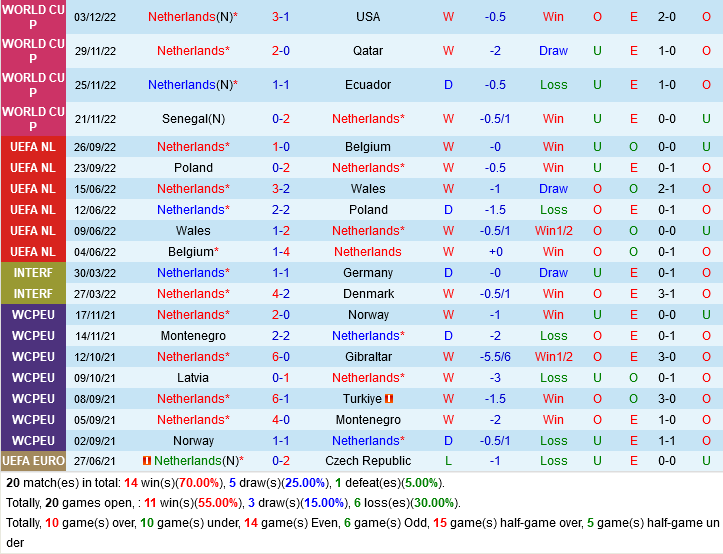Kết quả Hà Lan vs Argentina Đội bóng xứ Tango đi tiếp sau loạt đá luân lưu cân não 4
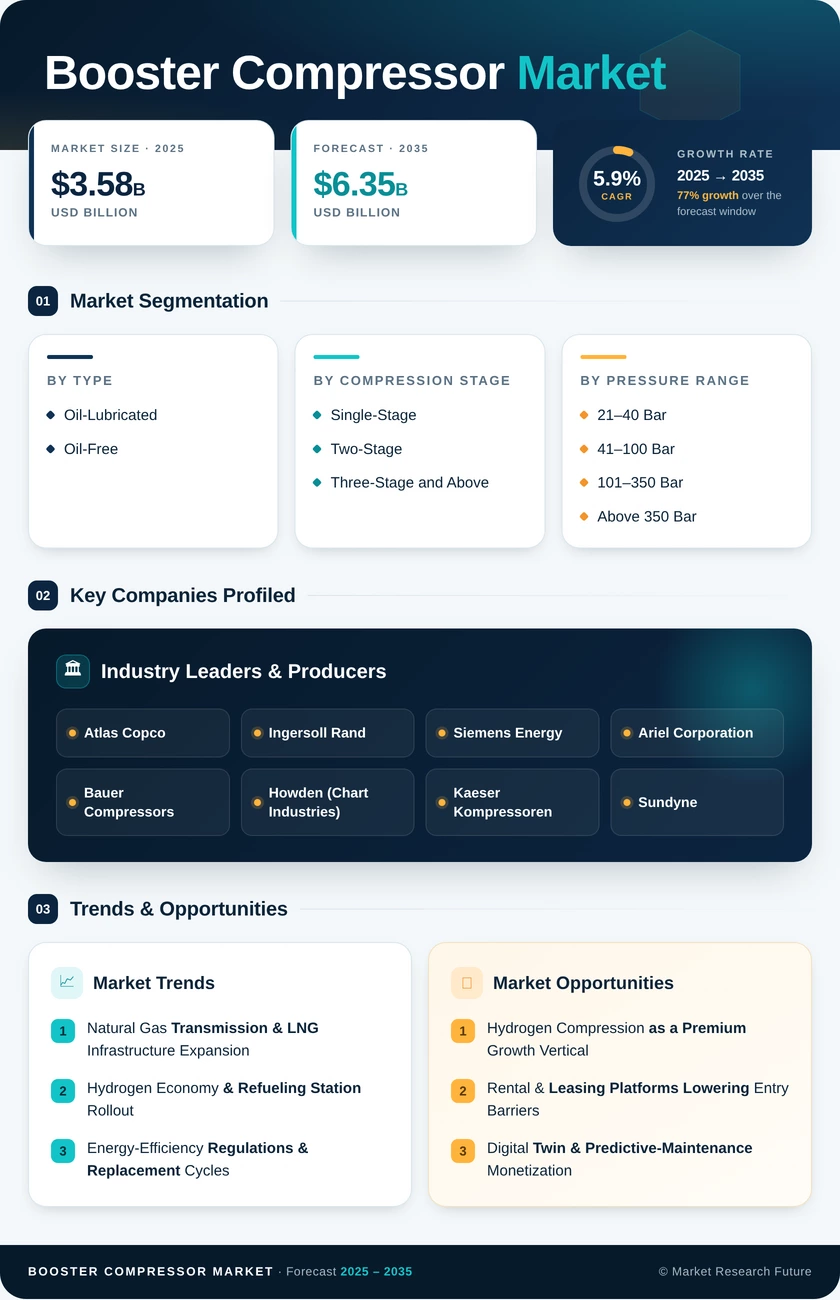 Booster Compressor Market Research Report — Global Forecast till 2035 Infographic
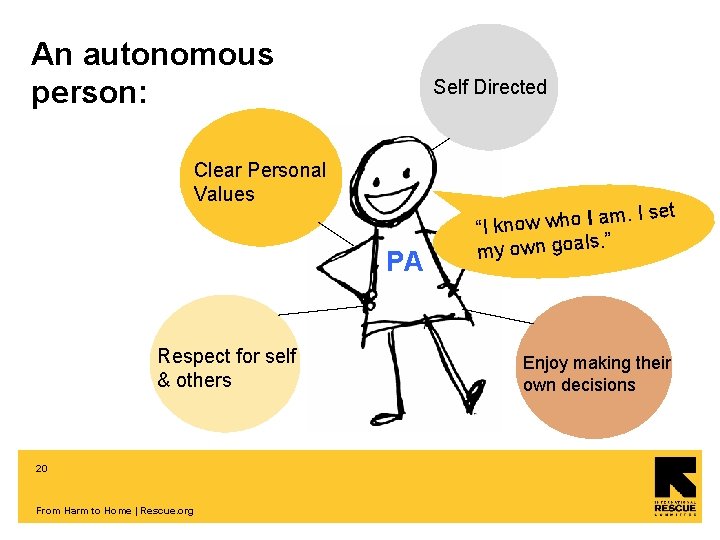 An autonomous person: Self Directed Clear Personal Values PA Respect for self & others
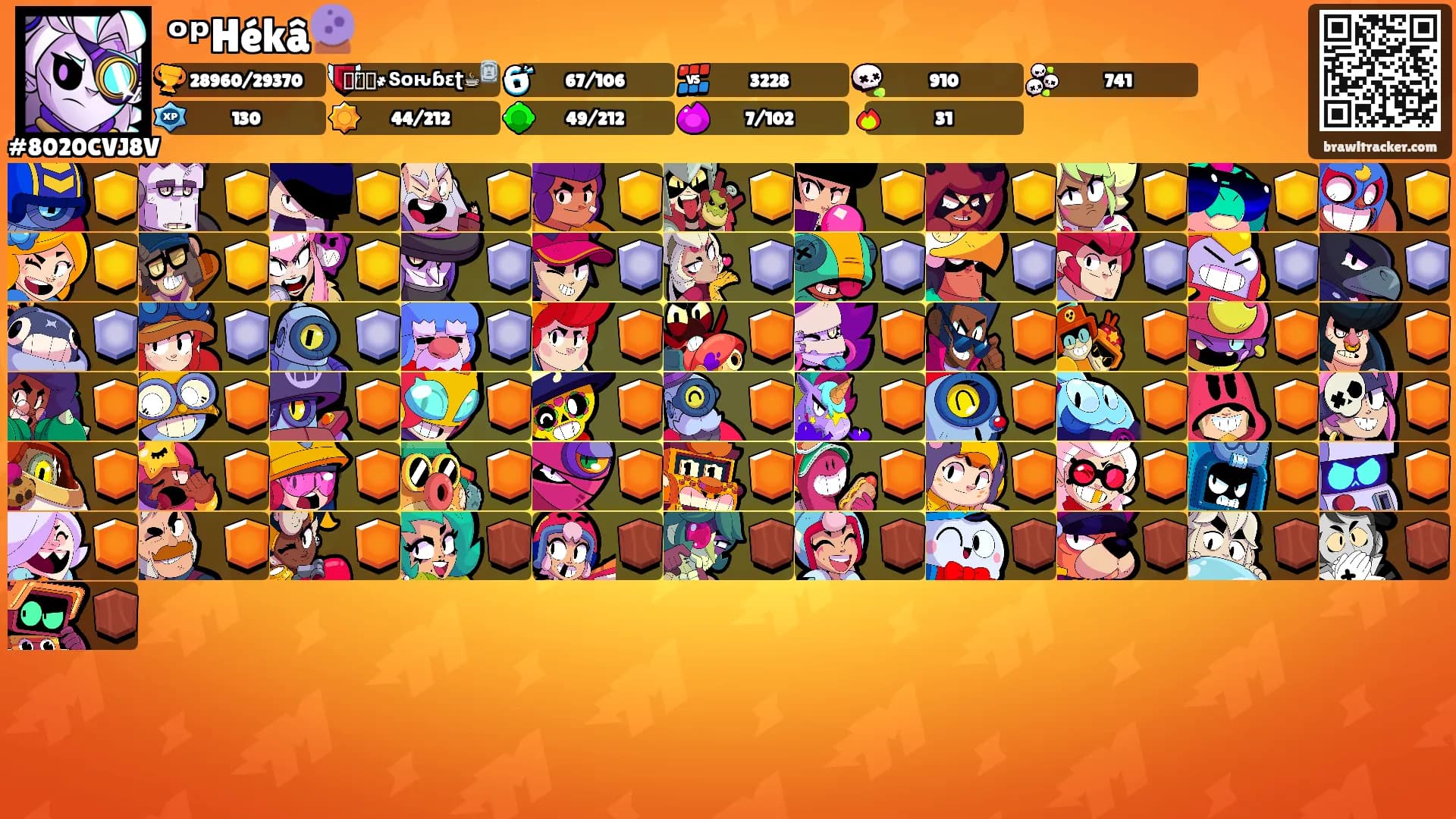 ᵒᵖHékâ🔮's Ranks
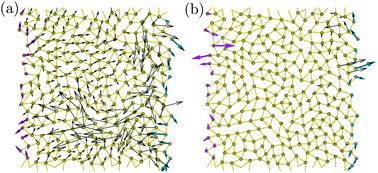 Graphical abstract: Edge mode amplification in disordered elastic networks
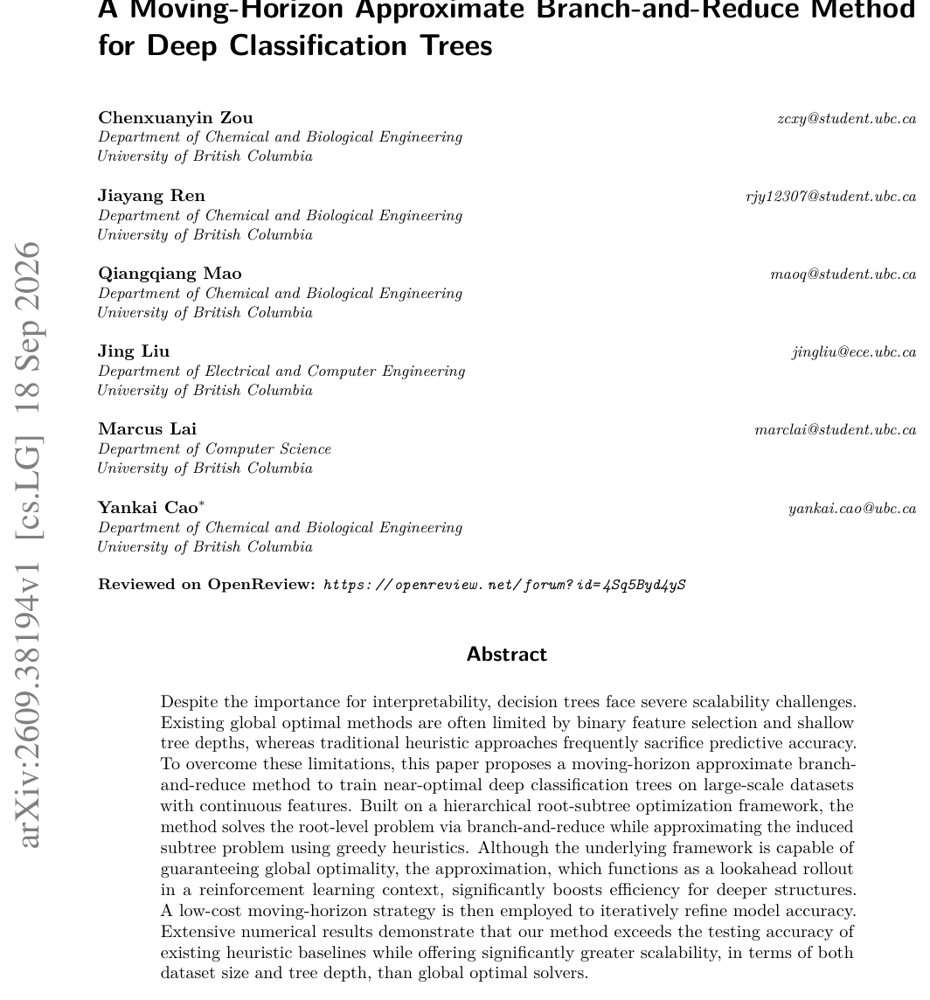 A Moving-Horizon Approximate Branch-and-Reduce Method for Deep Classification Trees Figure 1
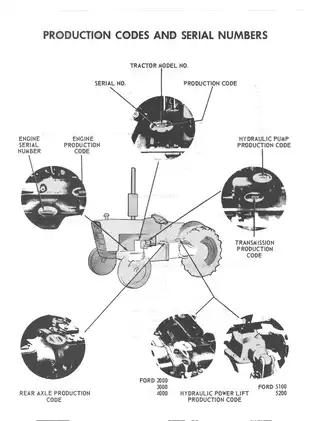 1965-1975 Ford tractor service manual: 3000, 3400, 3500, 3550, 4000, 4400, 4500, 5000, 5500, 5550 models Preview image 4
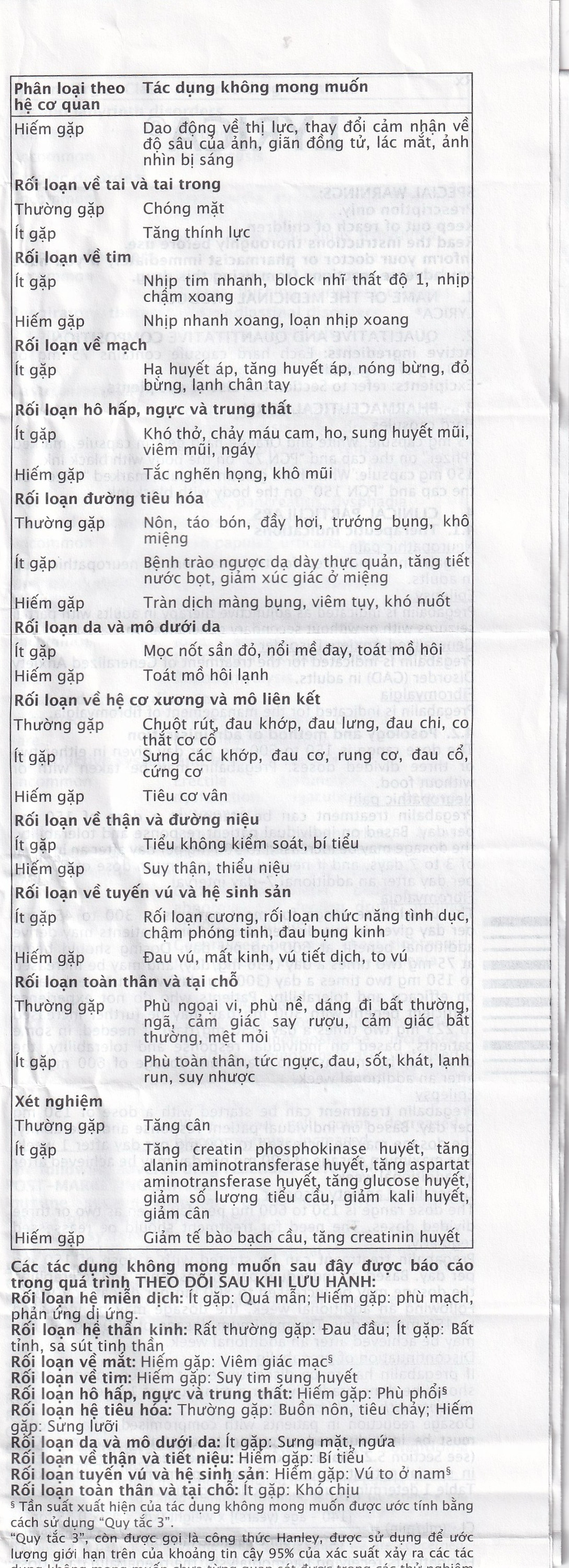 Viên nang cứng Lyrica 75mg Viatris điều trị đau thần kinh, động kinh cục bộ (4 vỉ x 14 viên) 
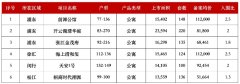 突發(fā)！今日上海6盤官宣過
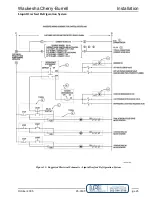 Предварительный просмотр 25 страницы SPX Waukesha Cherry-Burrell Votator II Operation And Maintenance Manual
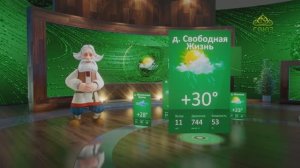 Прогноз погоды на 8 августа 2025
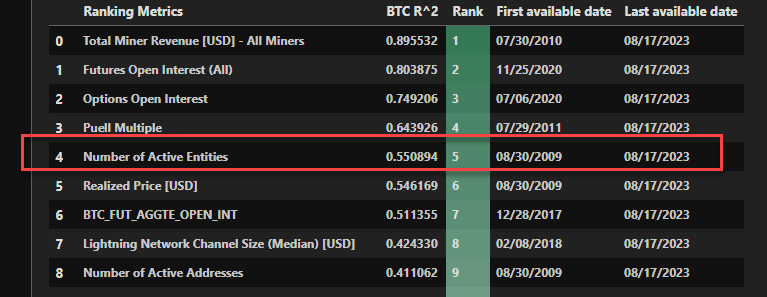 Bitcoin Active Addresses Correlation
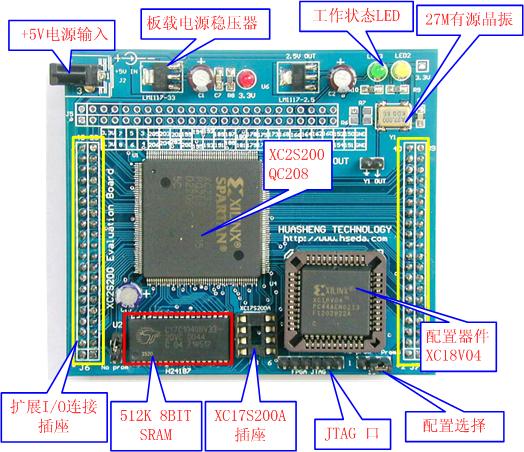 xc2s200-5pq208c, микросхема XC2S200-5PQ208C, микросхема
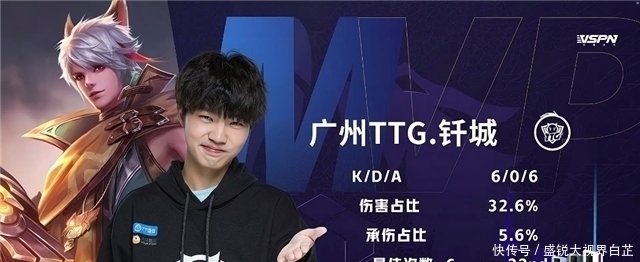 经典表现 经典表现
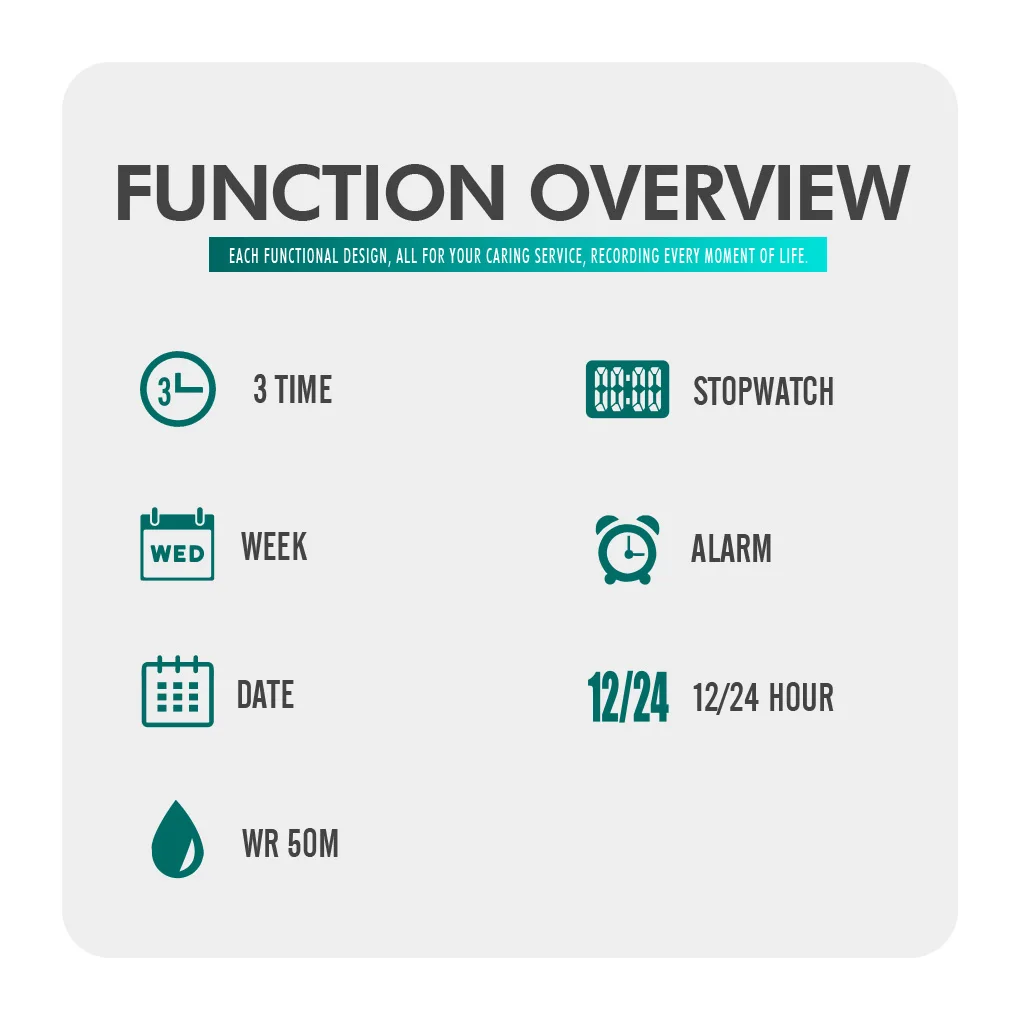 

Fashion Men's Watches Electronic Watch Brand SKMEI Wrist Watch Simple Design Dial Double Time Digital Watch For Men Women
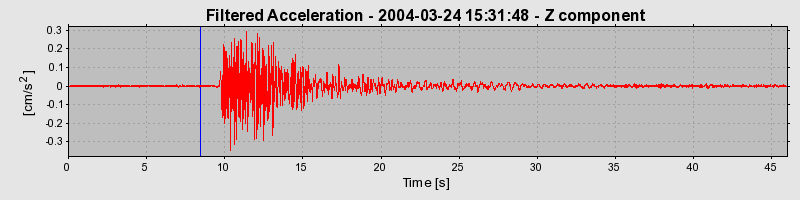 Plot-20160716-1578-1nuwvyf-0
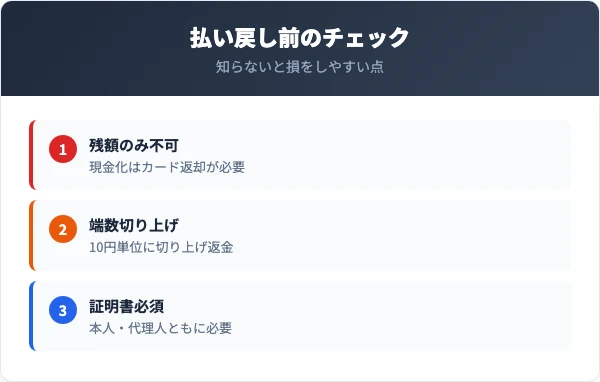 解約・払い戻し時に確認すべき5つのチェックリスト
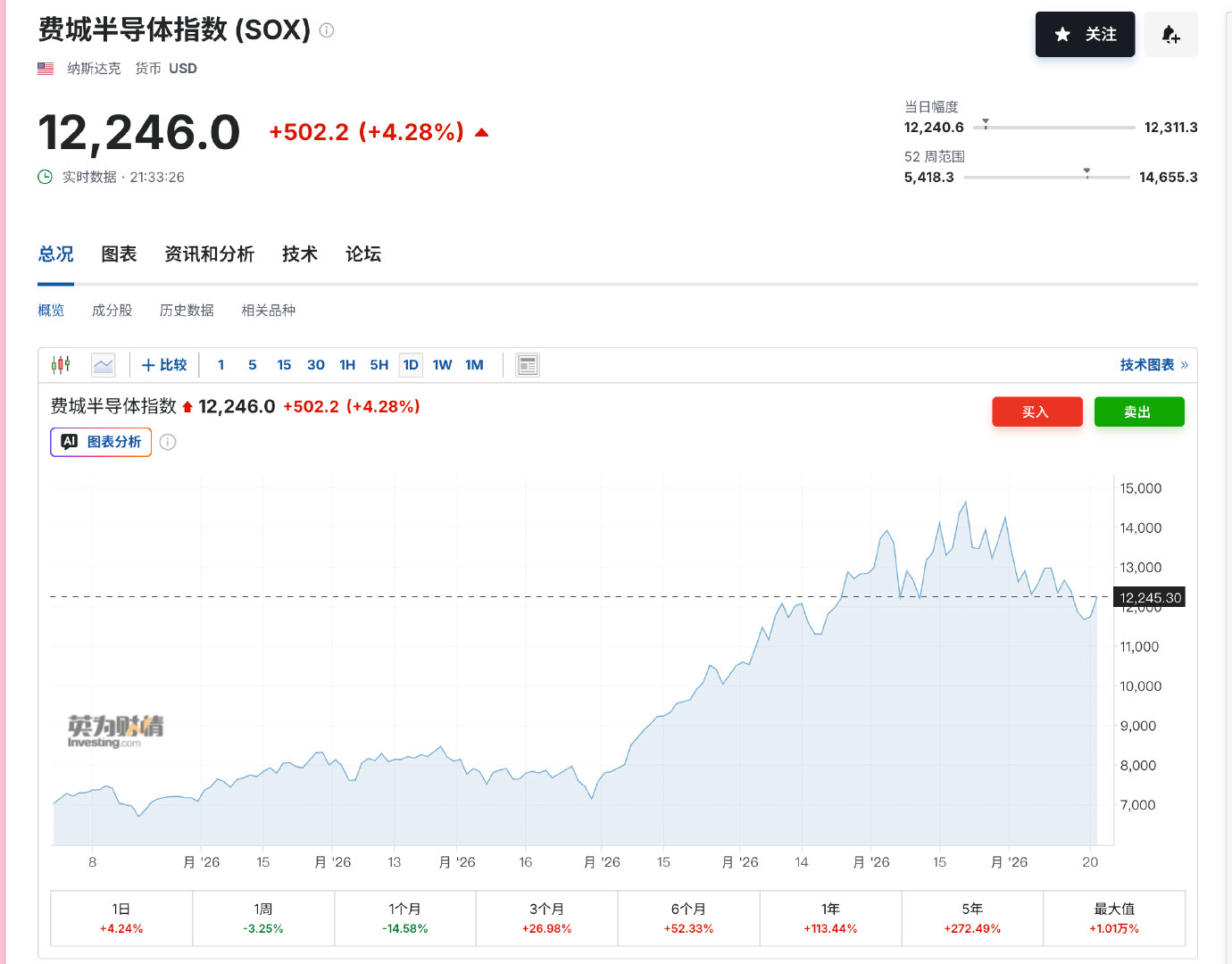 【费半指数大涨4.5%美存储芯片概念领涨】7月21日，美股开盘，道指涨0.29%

Exercise details – What is needed is an exact copy of the lines from the start of the listing above through the line that holds "xc2s200-5pq208c, микросхема XC2S200-5PQ208C, микросхема", with the pictures left out.

Solution to the exercise –
Kết quả Hà Lan vs Argentina Đội bóng xứ Tango đi tiếp sau loạt đá luân lưu cân não 4
 Booster Compressor Market Research Report — Global Forecast till 2035 Infographic
 An autonomous person: Self Directed Clear Personal Values PA Respect for self & others
 ᵒᵖHékâ🔮's Ranks
 Graphical abstract: Edge mode amplification in disordered elastic networks
 A Moving-Horizon Approximate Branch-and-Reduce Method for Deep Classification Trees Figure 1
 1965-1975 Ford tractor service manual: 3000, 3400, 3500, 3550, 4000, 4400, 4500, 5000, 5500, 5550 models Preview image 4
 Viên nang cứng Lyrica 75mg Viatris điều trị đau thần kinh, động kinh cục bộ (4 vỉ x 14 viên) 
 突發(fā)！今日上海6盤官宣過
 Предварительный просмотр 25 страницы SPX Waukesha Cherry-Burrell Votator II Operation And Maintenance Manual
 Прогноз погоды на 8 августа 2025
 Bitcoin Active Addresses Correlation
 xc2s200-5pq208c, микросхема XC2S200-5PQ208C, микросхема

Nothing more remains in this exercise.